Restate word for word the lines below that run from the one holding "Set di divani" through the one holding "Vestido de punto", inclusive. Pictures don't belong in the copy.

*** Supplied data Section Begins ***

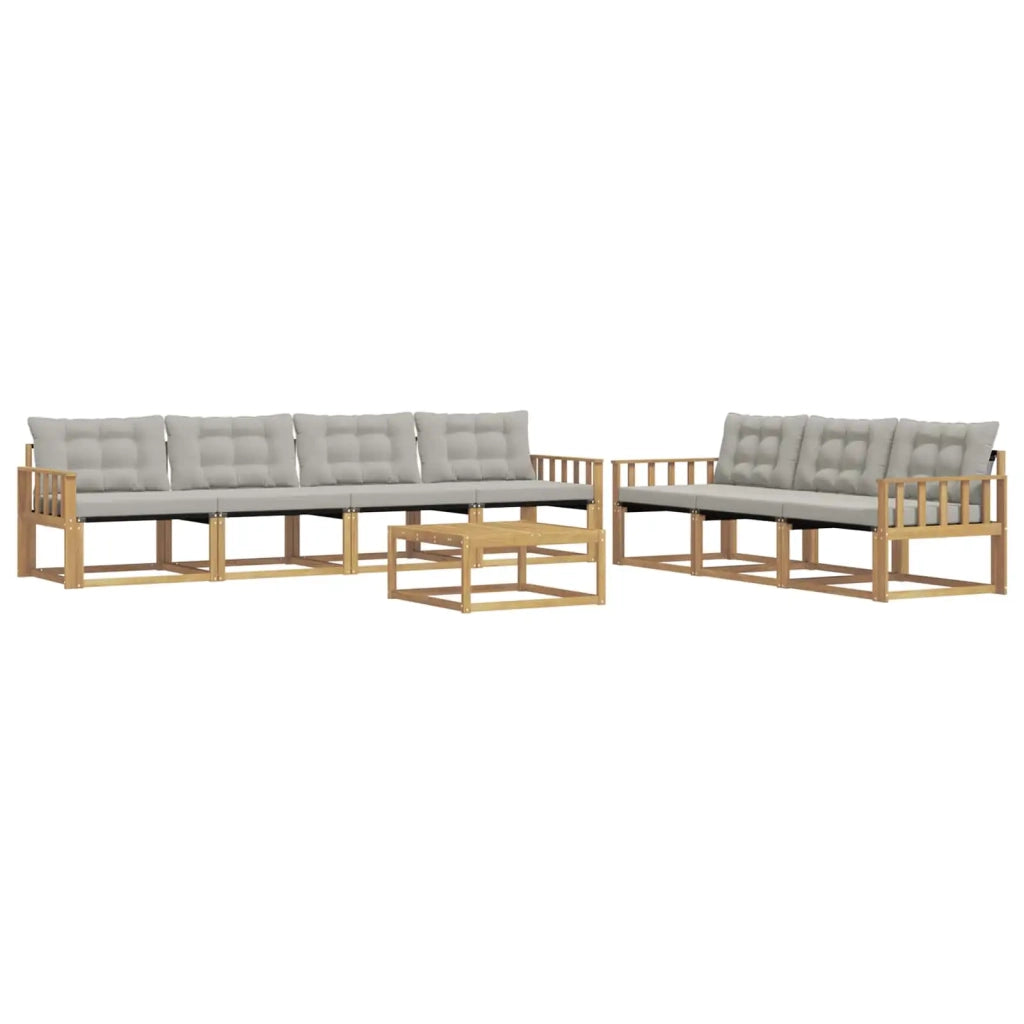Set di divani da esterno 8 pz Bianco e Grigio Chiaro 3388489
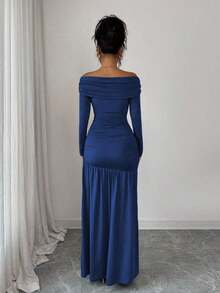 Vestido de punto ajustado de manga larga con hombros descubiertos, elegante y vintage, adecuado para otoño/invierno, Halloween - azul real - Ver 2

*** Supplied data Section Ends ***
*** Supplied data Section Begins ***

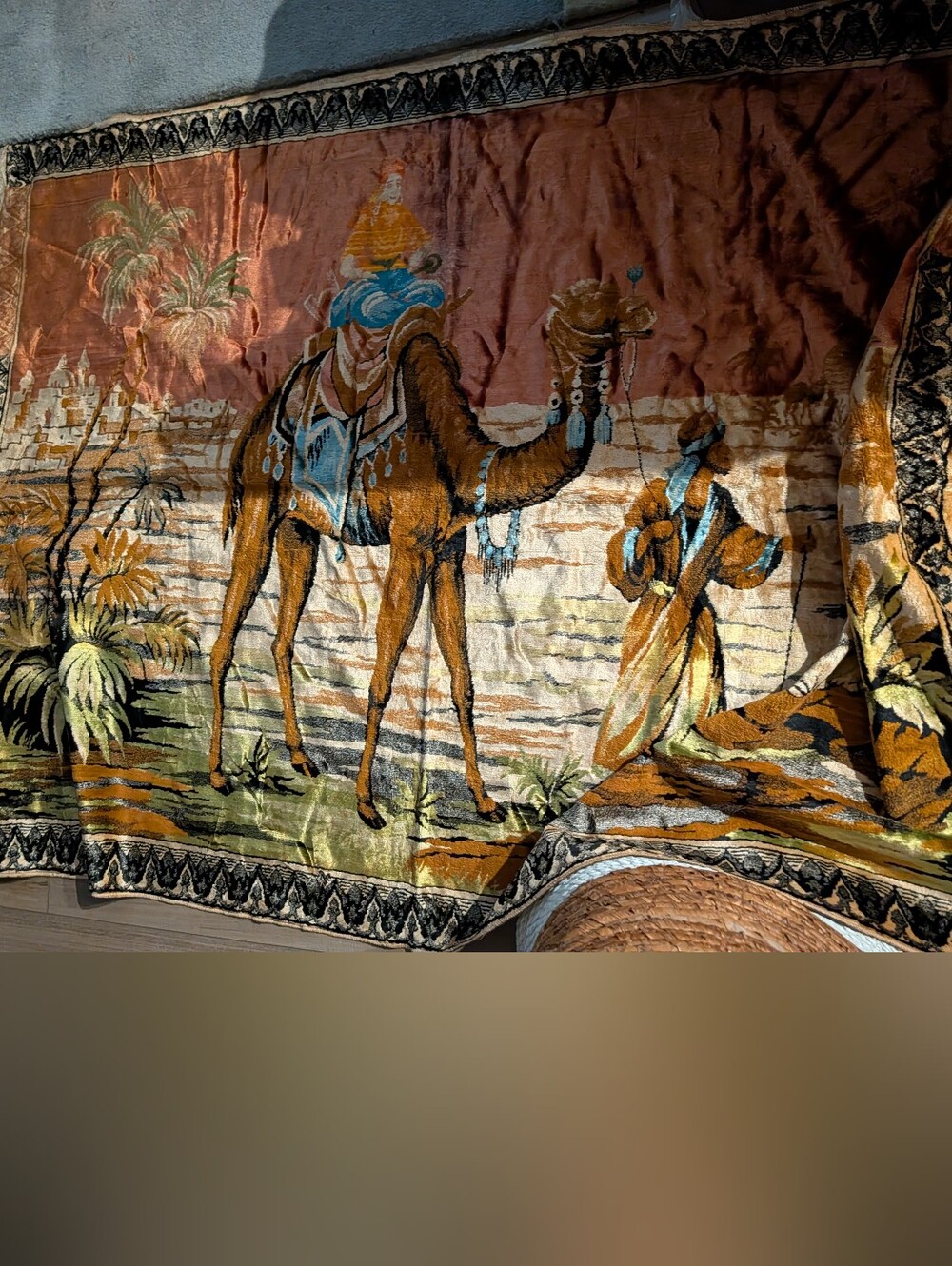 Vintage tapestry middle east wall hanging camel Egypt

*** Supplied data Section Ends ***

Result:
Set di divani da esterno 8 pz Bianco e Grigio Chiaro 3388489
 Vestido de punto ajustado de manga larga con hombros descubiertos, elegante y vintage, adecuado para otoño/invierno, Halloween - azul real - Ver 2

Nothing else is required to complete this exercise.